Kiffen football is known as the Mustat Hurmurit (Black charmers). The name comes from the late 1920s when the black coloured jersey was first introduced bu Kiffen bandy team. Kiffen had two representatives, Ragnar Wickström and Lars Schybergson, in the Finnish football team at the Stockholm Olympics in 1912. The club then won the Finnish football championship (Mestaruussarja) in 1913, 1915 and 1916 in the years prior to Finnish independence in 1917. Kiffen's last championship win came much later in 1955.

The decline in Kiffen football set in a decade later when the club were relegated from the Mestaruussarja and then a further relegation from the Suomensarja (Finland League), the second tier, followed in 1965 to the Maakuntasarja, the third tier. Fortunes fluctuated in the late 1960s and early 1970s before the club made its last appearances in the Mestaruussarja in 1977 and 1978. Among the players representing Kiffen at that time were Erkki Alaja, Juha Dahllund, Kai Haaskivi, Atik Ismail and Reima Kokko.

The following year in 1978 Kiffen had dropped to the Ykkönen (First Division) and in the subsequent years the club have not reached second-tier football.
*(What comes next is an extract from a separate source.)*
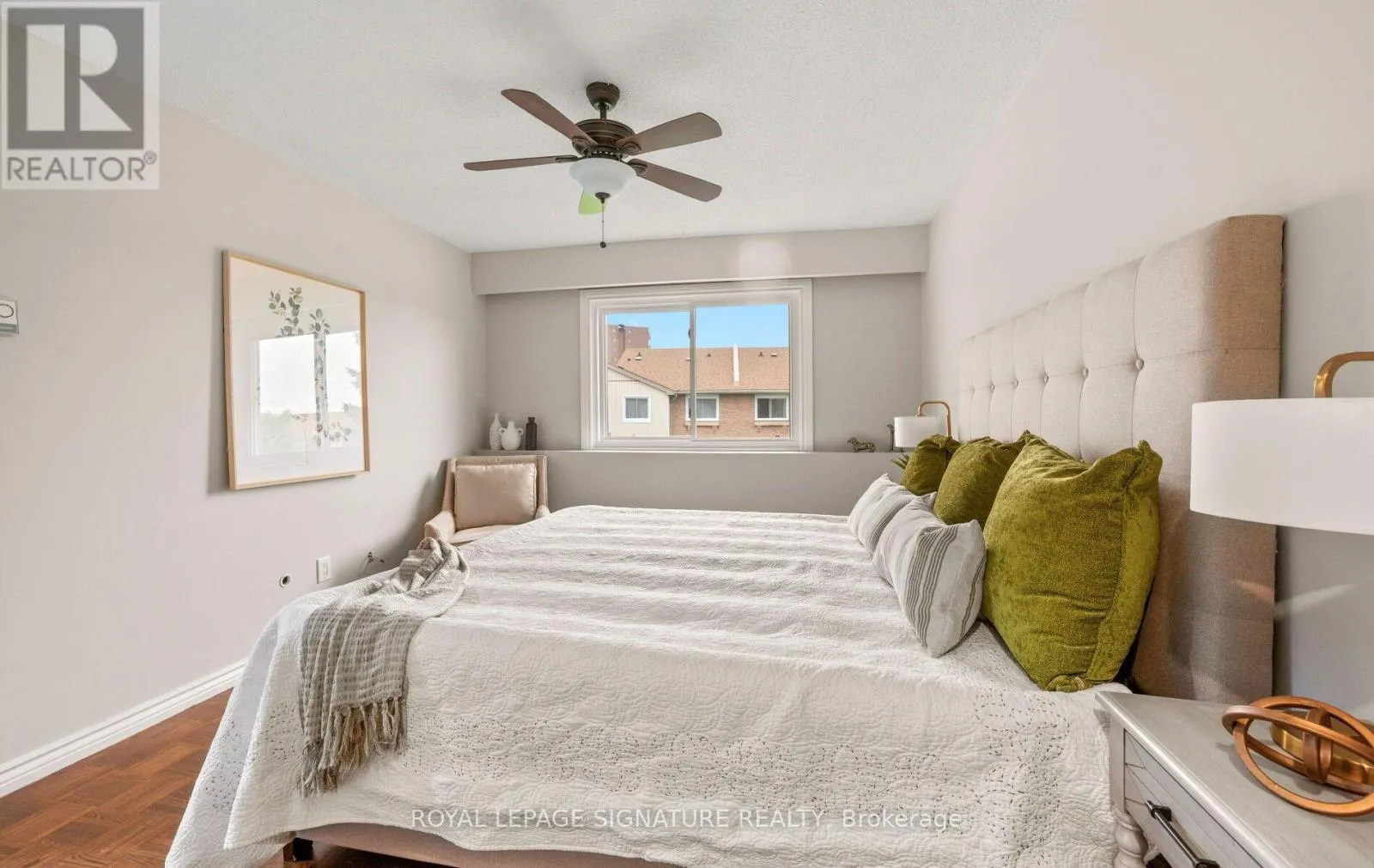 28 - 6777 FORMENTERA AVENUE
Over the last 30 years the club has fluctuated between the Kakkonen (Second Division) and Kolmonen (Third Division).

In 1982 and 1983 Kiffen's ladies team reached the Finnish Women's league championship qualifiers and from 1984 until 1989 played in the Premier Division after which the team withdrew with their divisional place being inherited by MP Mikkeli.

===Honours and achievements===
- Finnish Champions (Mestaruussarja Winners): 1913, 1915, 1916 and 1955
- Finnish Cup (Suomen Cup): Runners–up in 1958 (2–4 to KTP Kotka).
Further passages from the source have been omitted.